After all, Joan Rivers didn’t come into this world a jewelry maven, yet here she was making a fortune with it. Harper had always had a crafty side: for instance, she knitted a mean sweater—sadly, she’d made Noah several over the years. And she wanted them back, dammit. She was sorely tempted to march over to his house and ask his mother to pony them up. But going to the Gunderson home would only sadden her, so instead, she hoped that his closet would become infested with moths so they’d eat the sweaters and be happy.

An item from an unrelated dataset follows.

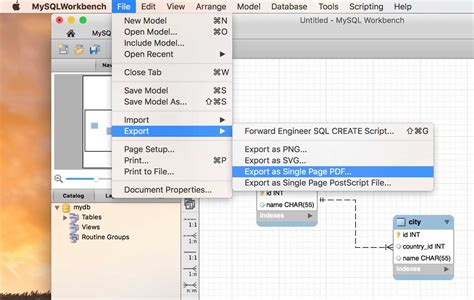 Exporting Eer Diagrams From Mysql Workbench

Harper had even dabbled in making jewelry at summer camp. She made so many of those embroidery thread bracelets she’d started selling them and did a brisk business during lunch break in middle school. Her handiwork was showcased on wrists throughout the population of Verity Beach Junior High School, home of the Fighting Seahorses. Seriously, that was their mascot. Well, if she could successfully manipulate all of those tiny threads into complicated patterns as a tween, surely now as a full-grown adult she could figure out how to make real jewelry that women her age would want. No pavé for her; rather she was going to make beachy, natural-looking jewelry that she’d want to wear.
At first she made simpler beaded things: drop earrings, bracelets, necklaces. But as her interest grew, she started taking classes and learned how to make her own silver jewelry. Her parents were just happy she had started washing her hair on a regular basis, and her father was downright elated when she started trying to sell her creations, being that they were taking up most of the space in the family dining room.
She opened an Etsy store and started marketing her products with ads on Facebook, and soon, her designs took off. She was receiving so many orders she had to find someone to help her manage the sales and shipping. And her parents gently encouraged her to find somewhere other than their home to create her masterpieces.